Rapid melting of polar ice sheets may be due to short-lived natural events rather than climate change, scientists said.
New research suggests more time is needed to predict the likely impact of global warming and ice loss on sea levels.
The ice sheets covering Antarctica and Greenland contain more than 99 per cent of the world’s glacier ice. If they melted completely, the global sea level would rise a catastrophic 63 metres.
Since 2002, satellites have been monitoring the melting rate by measuring tiny gravity variations resulting from the movement of ice into oceans. The Grace (Gravity Recovery and Climate Experiment) mission has confirmed that a huge amount of ice is being lost – estimated at around 300 billion tonnes each year. The rate of loss is also increasing.
“Compared to the first few years of the Grace mission, the ice sheets’ contribution to sea level rise has almost doubled in recent years,” said Dr Bert Wouters, of the University of Colorado. But the cause of the melting still divides scientists.
Ice sheets are affected by many natural processes besides man-made warming, including atmospheric changes, shifting pressure systems, and El Nino and El Nina ocean temperature events.
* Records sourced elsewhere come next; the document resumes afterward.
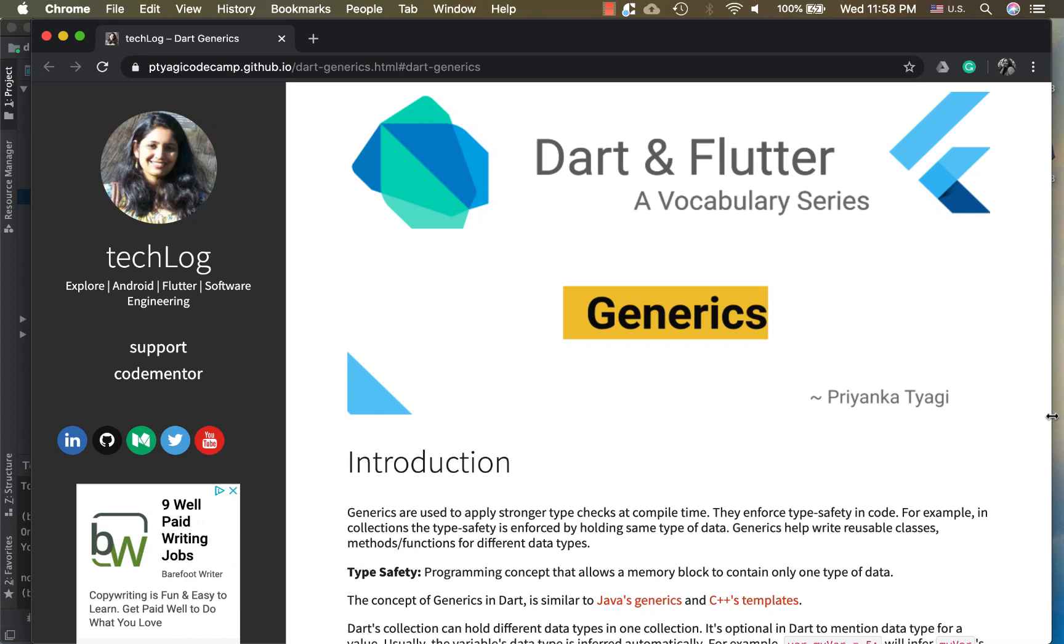Hi friends, welcome back to Dart and Flutter vocabulary series. In today's video we'll be discussing Dart generics.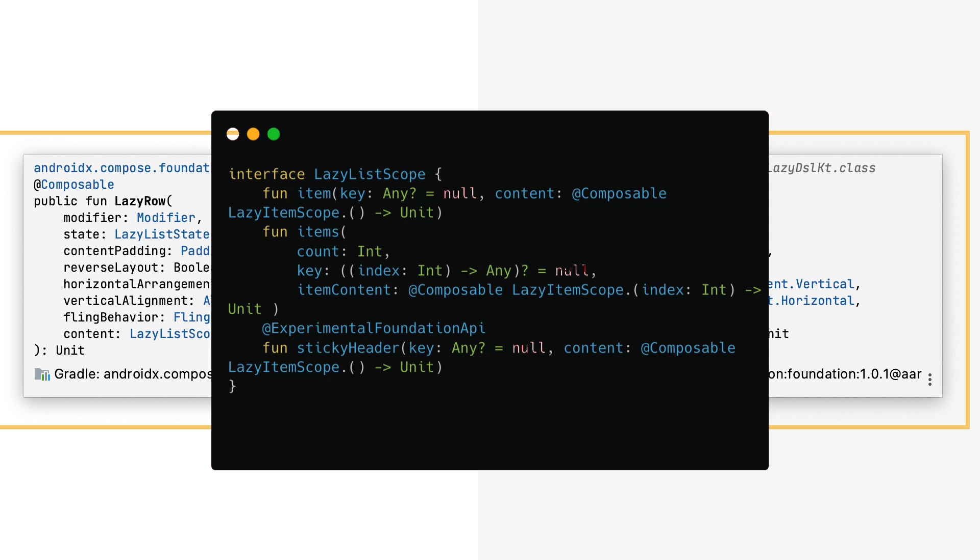Item allows you to add a new composable item to your list. Note that you can use different composable types every time. Sticky header allows you to set the header composable that will remain visible on the top of the list, even after you scroll down to see new items.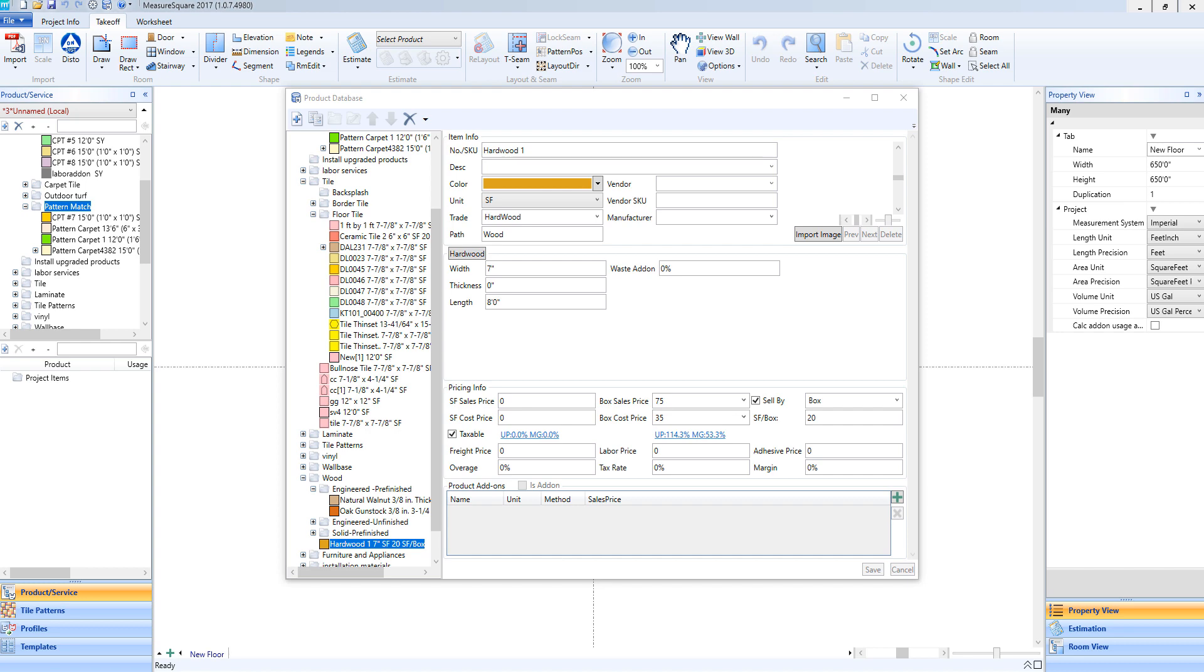Hi guys, James from MeasureSquare here. Welcome to Part 4 of our Product and Services Database Tutorial in the Getting Started series. In this video, we will cover linear item setup.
“If observations span only a few years, such ‘ice sheet weather’ may show up as an apparent speed-up of ice loss which would cancel out once more observations become available,” said Dr Wouters.
His team compared nine years of Grace satellite data with reconstructions of 50 years of changes to the ice sheets. The researchers found their ability to detect an accelerating trend in mass loss accurately depended on the length of the data record.
Currently the amount of ice loss detected by the Grace satellites is larger than would be expected from natural processes alone. However, the speed-up of ice loss in recent years is not.
The findings, reported in the journal Nature Geoscience, suggest that predictions of ice sheet contribution to future sea level rises may be fraught with error.
Extrapolating the rate of today’s melting to 2100 could result in a forecast that is too high or too low by as much as 35 centimetres , said the scientists.
While there might be almost enough satellite data to be confident about accelerated ice loss in Antarctica, another ten years of observations may be necessary for Greenland.
Earth scientist Professor Andrew Shepherd, of the University of Leeds, said: “It seems that studies based on less than a decade of satellite measurements are too short to establish, with confidence, whether the ice sheet losses are accelerating over time, and so we should be cautious about extrapolating short-term trends into the future.
“Fortunately, we can appeal to data from other, longer satellite missions to get a long-term perspective, and our own analysis of their data confirms that the rate of ice sheet losses has indeed accelerated over the past 20 years.”